Input records
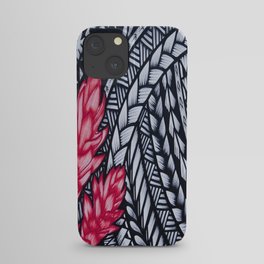Red Ginger iPhone Case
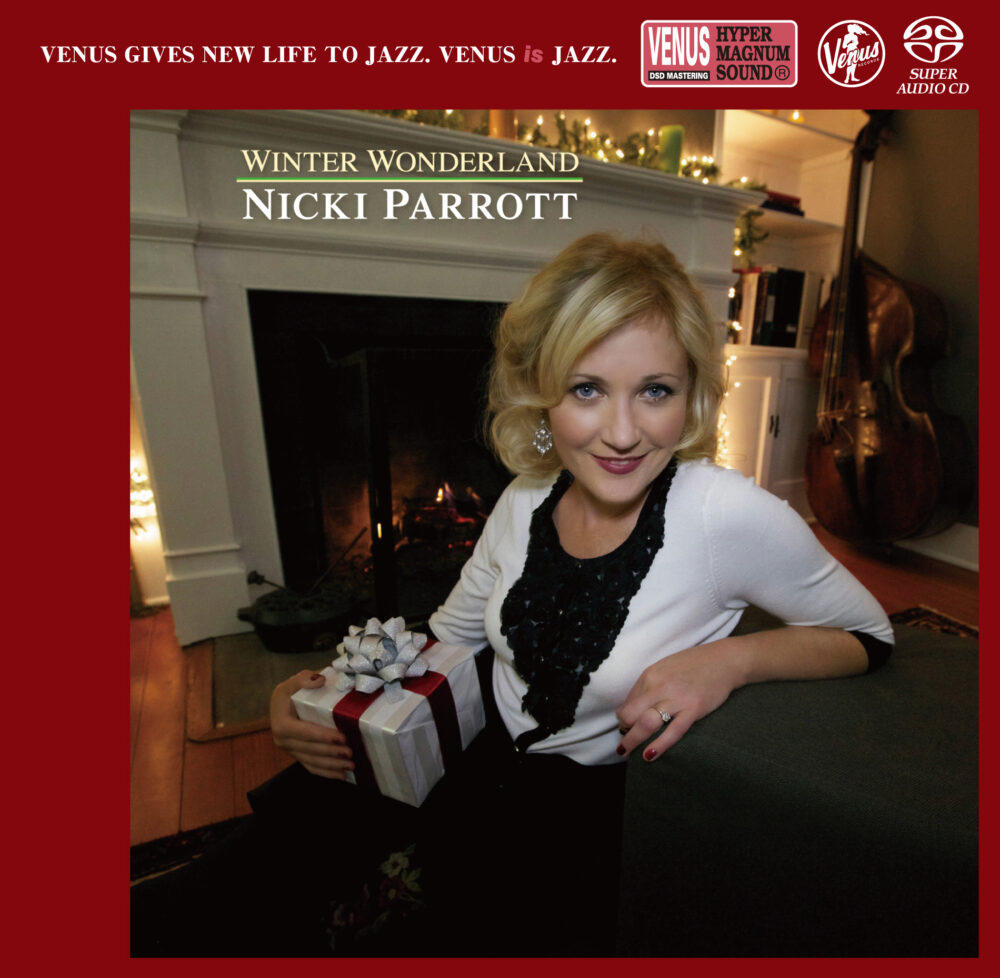 Nicki Parrott – Winter Wonderland (SACD single layer)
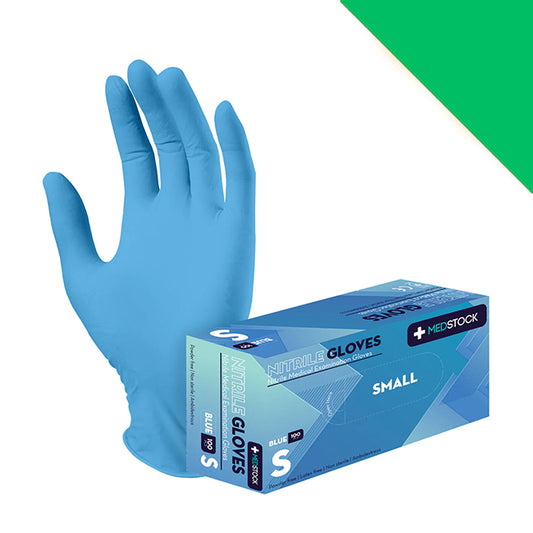 Nitrile Examination Gloves (Non-Sterile LATEX FREE)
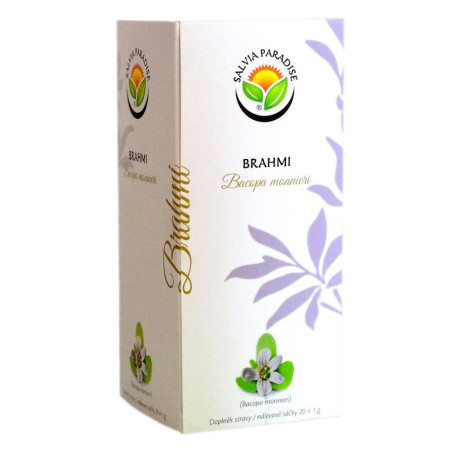 Brahmi - Bacopa monnieri n. s. 20 x 1 g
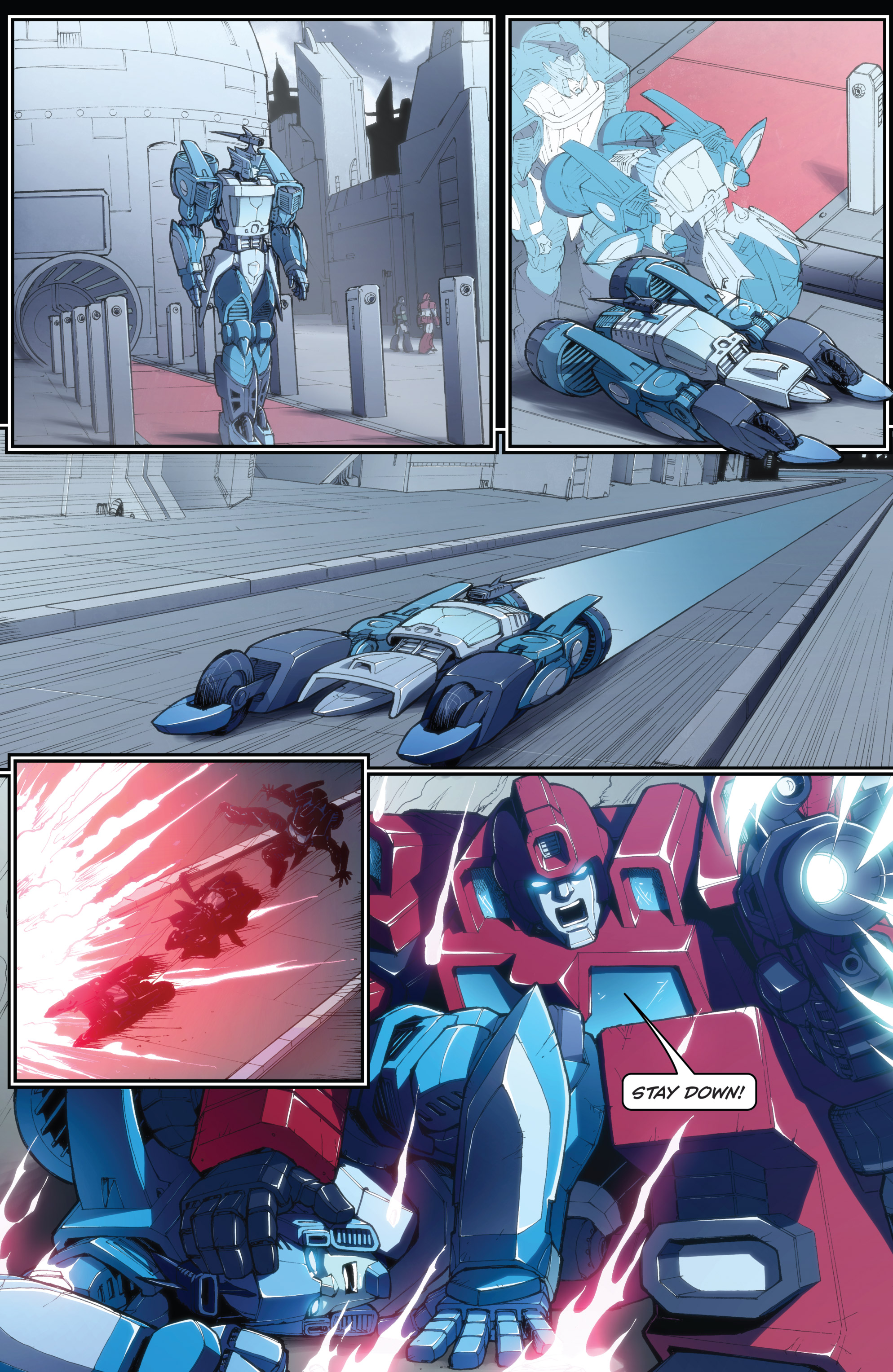 Read online Transformers: The IDW Collection comic -  Issue # TPB 1 (Part 2) - 12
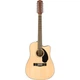 Електроакустична гітара Fender Cd-60Sce Dreadnought 12-String Wn Natural (46404) - зображення 1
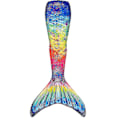 Miniatyrbild 1 av 3: Barns Mermaid Tail Baddräkt-3 Color2 140
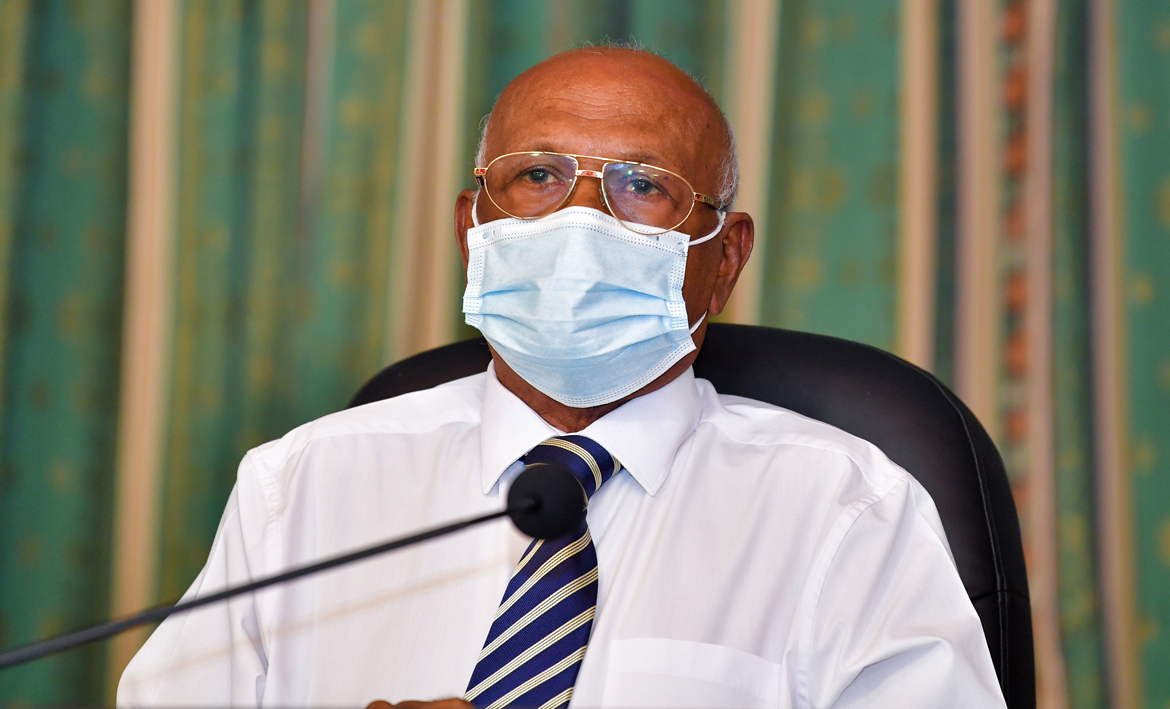 ހުޅުމާލޭގައި އިތުރު ކޯވިޑް ފެސިލިޓީއެއްގެ މަސައްކަތް މިދަނީ ކުރަމުން: ނަސީމް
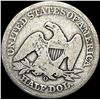Image 2 : 1856-O Seated Liberty Half Dollar NICELY  CIRCULATED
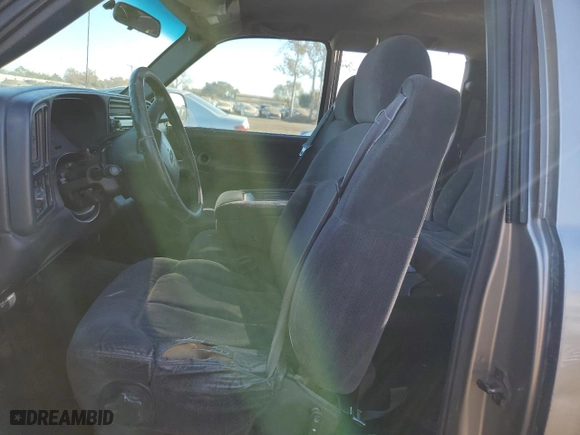 1999 Chevrolet Silverado 1500 LS with VIN 2GCEC19W8X1274717, listed as a Copart auction lot 84454814 with 0 mi miles and Salvage Title. Bid and sale history available at carsss.com. Image 7.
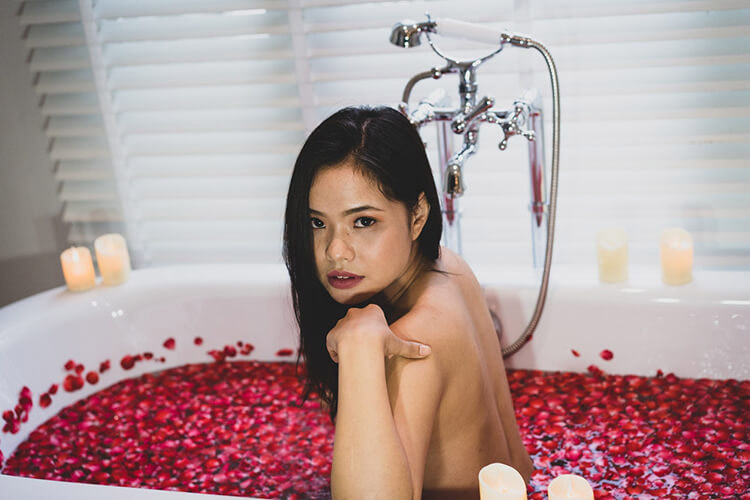 Фото в ванне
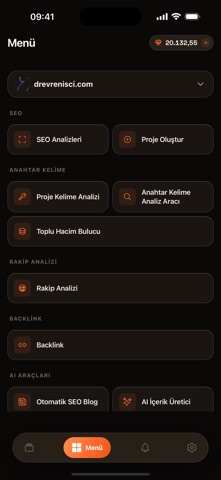 KAF AI: SEO Analiz Aracı screenshot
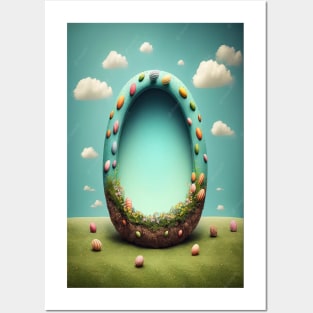 Egg-citing Easter Posters and Art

Your goal
Transcribe only this stretch of the data: the line with "Nicki Parrott –", the line with "Image 2 : 1856-O", and every line in between. Leave out the pictures.

Output below
 Nicki Parrott – Winter Wonderland (SACD single layer)
 Nitrile Examination Gloves (Non-Sterile LATEX FREE)
 Brahmi - Bacopa monnieri n. s. 20 x 1 g
 Read online Transformers: The IDW Collection comic -  Issue # TPB 1 (Part 2) - 12
 Електроакустична гітара Fender Cd-60Sce Dreadnought 12-String Wn Natural (46404) - зображення 1
 Miniatyrbild 1 av 3: Barns Mermaid Tail Baddräkt-3 Color2 140
 ހުޅުމާލޭގައި އިތުރު ކޯވިޑް ފެސިލިޓީއެއްގެ މަސައްކަތް މިދަނީ ކުރަމުން: ނަސީމް
Image 2 : 1856-O Seated Liberty Half Dollar NICELY  CIRCULATED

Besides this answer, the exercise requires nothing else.